Halo forces start lights alteration at AGP

Work takes place on the Albert Park start light gantry on the eve of the new season

The introduction of the halo cockpit protection device has forced the FIA to adjust the start light gantry at Albert Park to address driver visibility fears.

Concerns had been raised by drivers that the new-for-2018 device could impair vision of the lights at race starts.

To combat this the world motorsport governing body has lowered the main light gantry, a measure which will be implemented at all Formula 1 circuits.

A second set of lights, which were positioned on the middle of the grid, have also been moved further forward to assist drivers.

The field will be allowed to compete practice starts to test the new lighting positions at the end of both 90 minute practice sessions on Friday.

“With the halo what we’ve asked every circuit to do is to make the lights at a standard height above the track,” said F1 Race Director Charlie Whiting.

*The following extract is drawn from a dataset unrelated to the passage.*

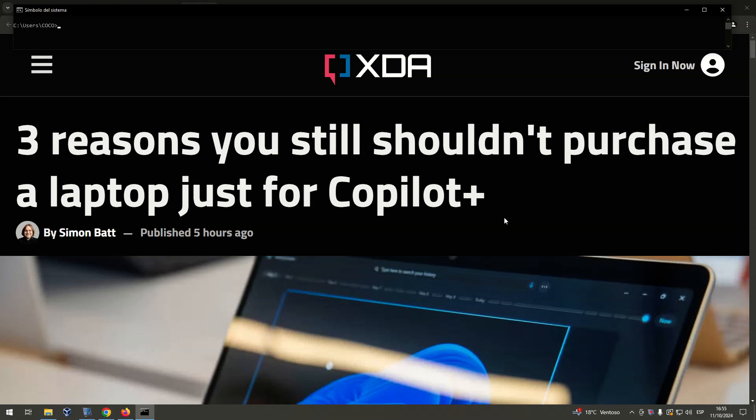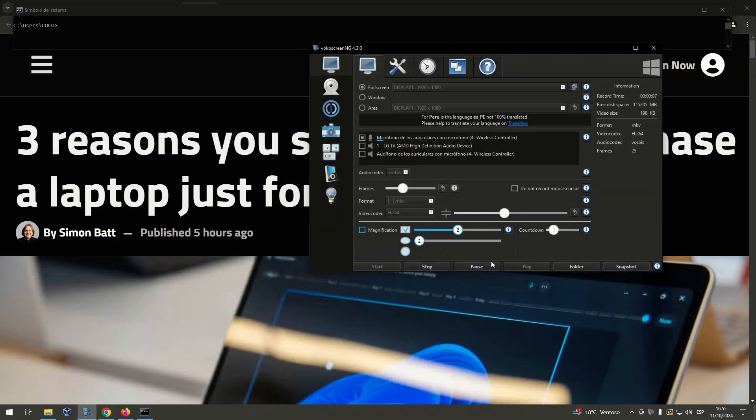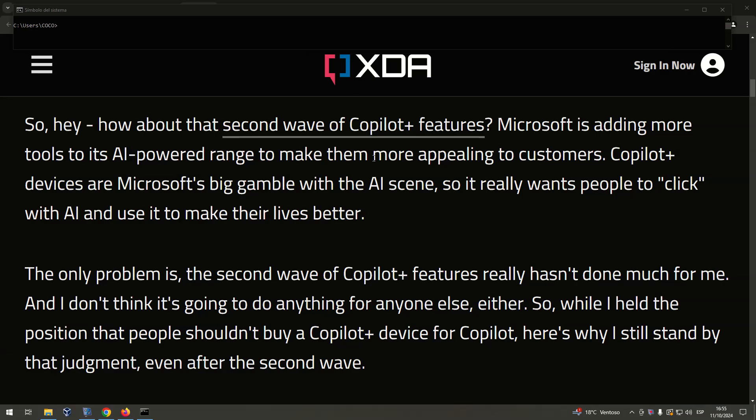For reasons you still shouldn't purchase a laptop just for Copilot Plus. How about that second wave of Copilot Plus features? Microsoft is adding more tools to its AI-powered range to make them more appealing to customers. Copilot Plus devices are Microsoft's big gamble with the AI scene, and it really wants people to click with AI and use it to make their lives better. The only problem is, the second wave of Copilot Plus features really hasn't done much for me, and I don't think it's going to do anything for anyone else either. While I held the position that people shouldn't buy a Copilot Plus device for Copilot, here's why I still stand by that judgment even after the second wave.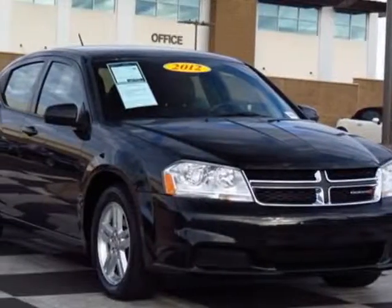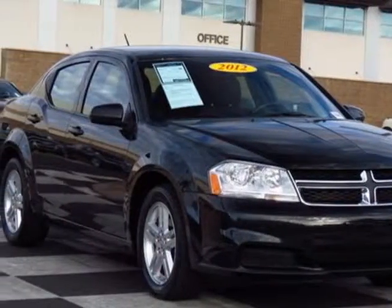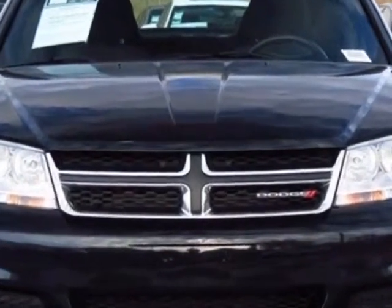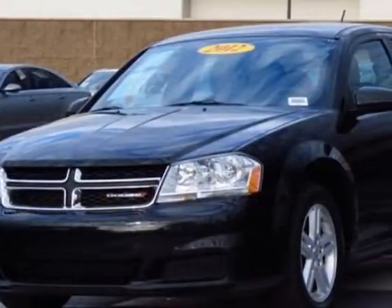Come take a look at this 2012 Dodge Avenger. This Avenger has just under 43,500 miles. This vehicle has a limited warranty.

“We’ve also put a repeat set of lights, in this case off to the left, over the verge.

“Those repeat lights were normally halfway up the grid, and they were fitted round about 2009, when the rear wings became higher on the cars.

“Some drivers complained about not being able to see the main start lights, so that’s when we introduced an extra set.

“But now the wings have been lowered, there’s no need for those halfway up the grid. So I’ve decided to utilise them somewhere else.

“Pole position seems to be the worst-case scenario with the halo there – maybe the driver can’t quite see the lights, or see only half of them, and he might have to move his head too much.

“But then he’s got a repeat set of lights which are five metres further down (the track).

“What I thought would be a good idea was to give the driver sight of those lights rather than have them look at them for the first time on Sunday evening.”

The change follows the introduction of an third DRS zone at the Albert Park circuit, located at the Turn 11-12 chicane.

Meanwhile drivers have suggested that the halo should be used as a means of driver identification, given that it obscures the view of their crash helmets.

Lewis Hamilton, Sebastian Vettel and Daniel Ricciardo voiced similar opinions on the topic, with the latter suggesting a colour scheme should be painted onto the halo to help distinguish between team-mates.

“The only thing I could think of was putting something on the halo to distinguish team-mates,” said Ricciardo.

“Is it the camera or the rollhoop or whatever that sometimes one driver has yellow so you can kind of tell a little bit there?

“Maybe do something between team-mates with the halos just to give fans a little bit of an idea who’s behind the wheel because you don’t really see the helmet now.”

Opening practice for the Formula 1 Rolex Australian Grand Prix begins on Friday at 1200 local time/AEDT.